Tenía 14 años. Yo, con tres amigos, armamos una banda. Era una banda que hacía una especie de folk, klezmer y tango. Esta banda se transformó en una parte muy importante de mi vida musical. Y obviamente, si voy a hacer tango la primera persona a la que voy a tomar en cuenta es Astor Piazzolla. Recuerdo que lo primero que aprendimos fue Milonga del Ángel, una pieza musical increíble. Me explotó la cabeza, no sólo por el de la música y el ritmo, que es maravilloso, sino más que nada por el sentimiento. La danza que sentís en el cuerpo, cuando estás tocando esa música... Te concentras y sentís que pasa a través de tu cuerpo …. Por lo tanto, gracias a Ástor Piazzolla por la inspiración que le dio a tanta gente.

-Es tu segunda visita a Buenos Aires. ¿Cómo sentís la ciudad?

-Es notable. Es totalmente loca. En la superficie hay una energía en la gente que no percibí en ninguna otra parte del mundo, ni siquiera en Brasil. En el show que hice aquí, dos años atrás, la gente saltaba y gritaba de una manera… Es algo absolutamente distinto a lo que experimenté en otros lugares. Estoy muy ansioso por volver a tocar, esta vez con la banda. Está agotado, así que pienso que va a ser una de las experiencias más memorables.

Jacob Collier en Vorterix, el viernes 8 de noviembre

¡Volvió la alegría, vieja!

¿Se acuerdan de El Demonio de Tazmania, aquel dibujito de Hanna-Barbera? Bueno, ahora imaginen que ese personaje acaba de tragarse a Frank Zappa con todo y sus Mothers of Invention. Y lo que escupe es…a Jacob Collier!. Creo que esa es la descripción más exacta de este chico en vivo. Esta vez acompañado por un trío (obviamente todos tan nerds y virtuosos como él), Jacob Collier destruyó el escenario del Teatro Vorterix en base a musicalidad, precisión, inventiva y talento.

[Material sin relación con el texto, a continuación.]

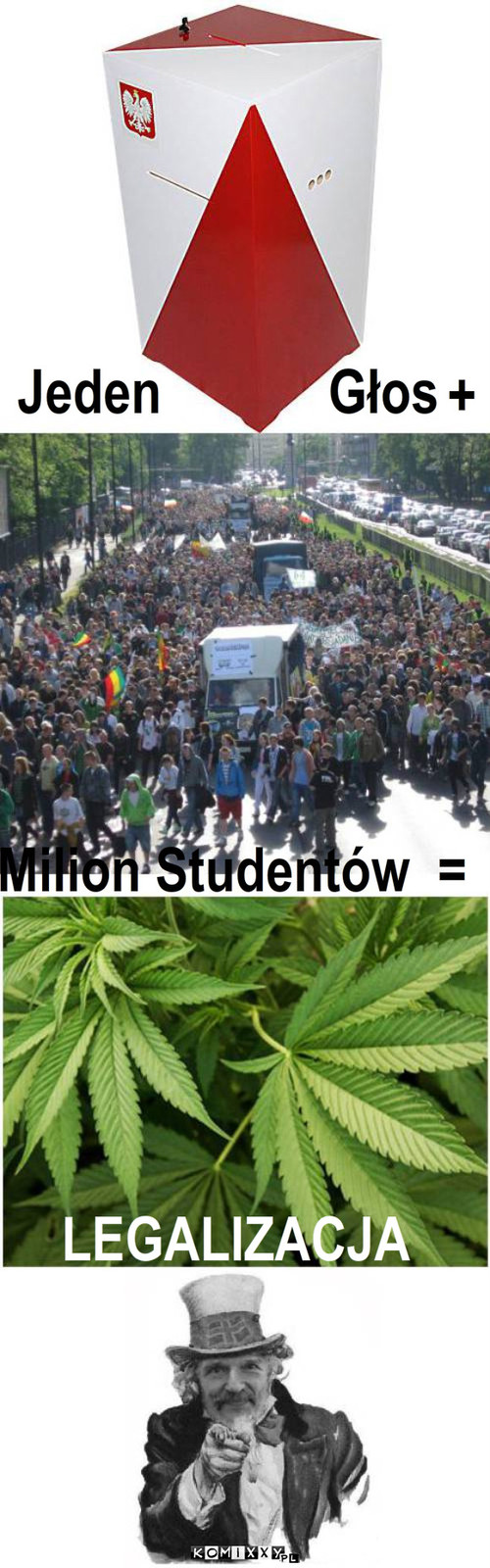 Lepsza opcja – Tekst.. Jeden            Głos + Milion Studentów  = LEGALIZACJA 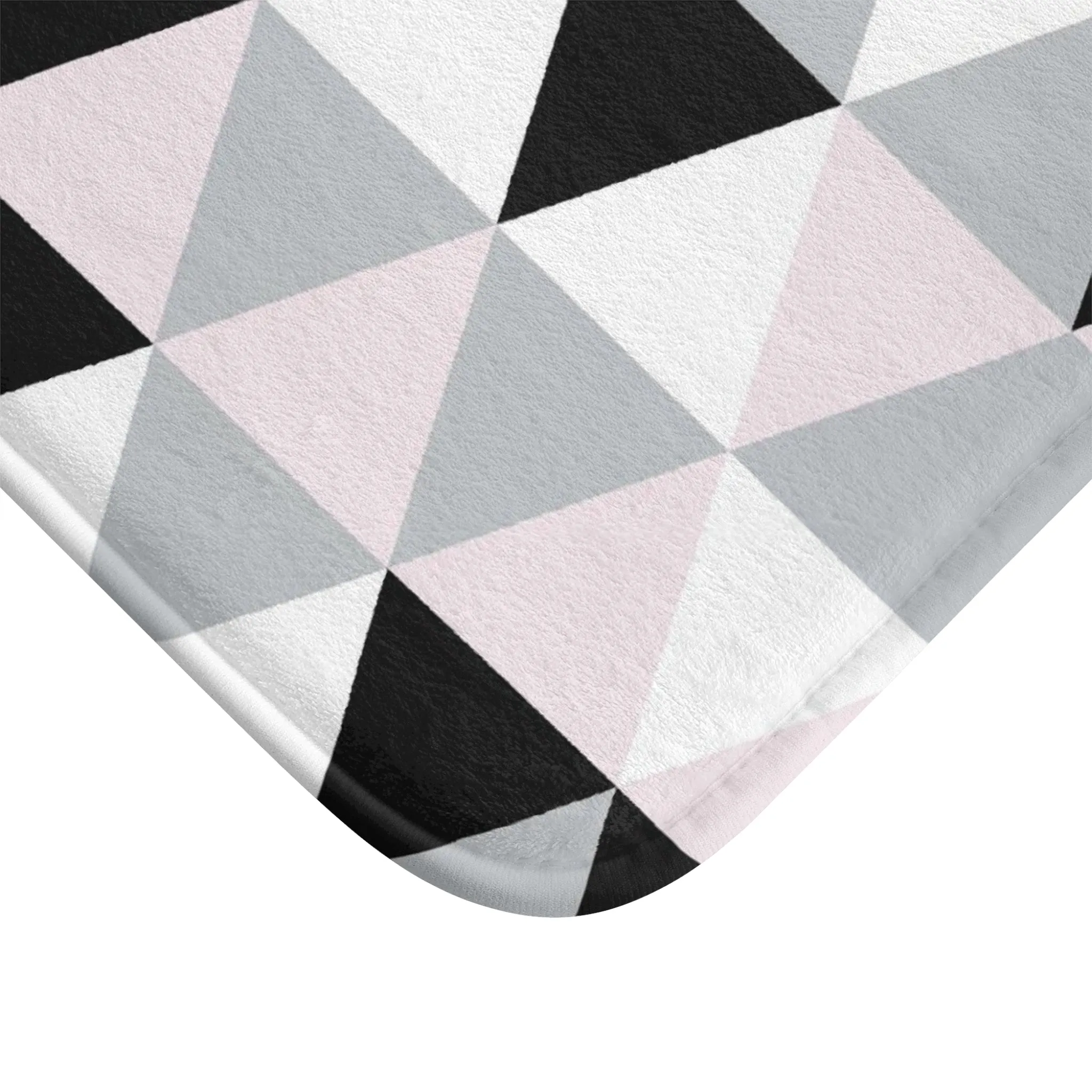 Abstract Bath, Kitchen Mat, Rug | Gray Black White Pink Geometric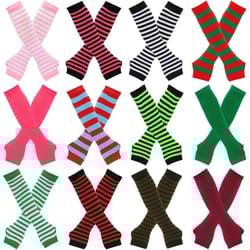 warmer knitted long fingerless gloves lady striped elbow mittens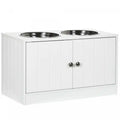 Pawhut Elevated Dog Bowls For Large Dogs Pet Feeding Station With Stand, Storage, 2 Stainless Steel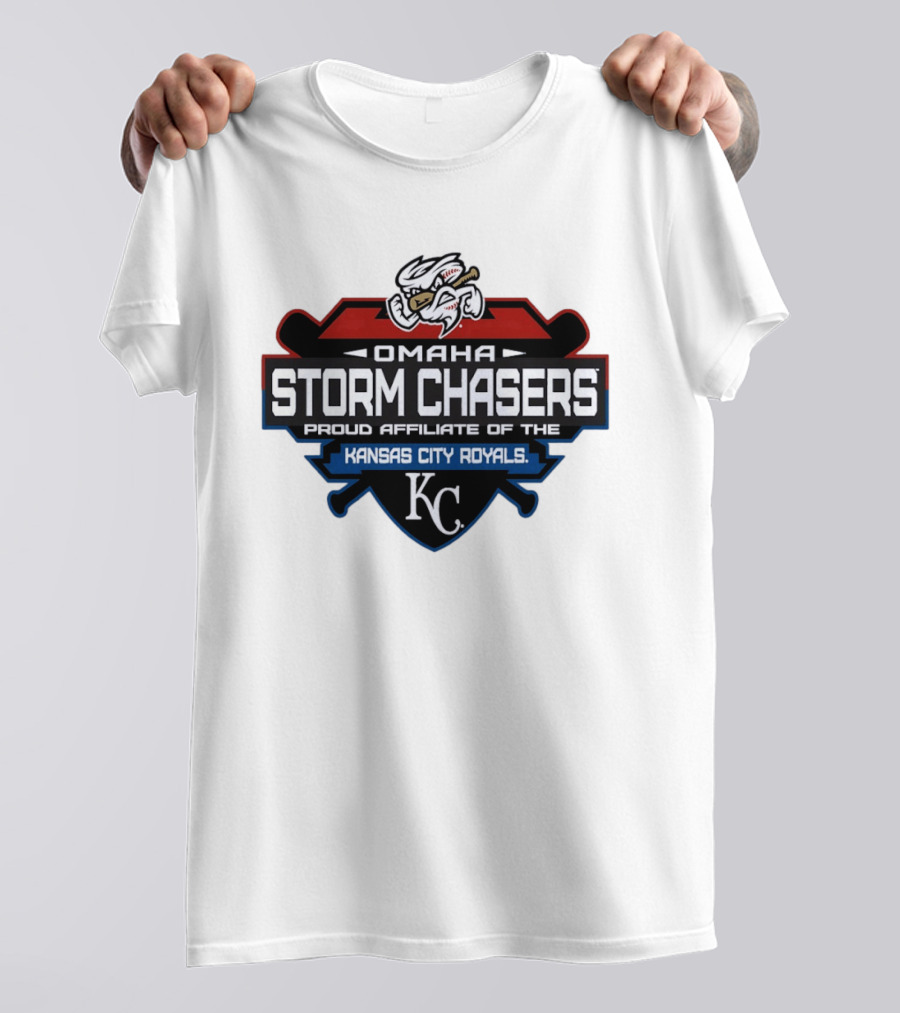 Omaha Storm Chasers Proud Affiliate Kansas City Royals KC Shield T-Shirt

Pura energía, desplegada sobre el escenario de Vorterix. (Fotos: Gentileza Prensa/Tomás Irusta)

Pura energía, desplegada sobre el escenario de Vorterix. (Fotos: Gentileza Prensa/Tomás Irusta)

“Hey!, ¿cómo se sienten?, ¿se sienten hermosos?”. Lo único que faltaba: el pibe además es un simpático que se mete al público en el bolsillo apenas pisa el recinto.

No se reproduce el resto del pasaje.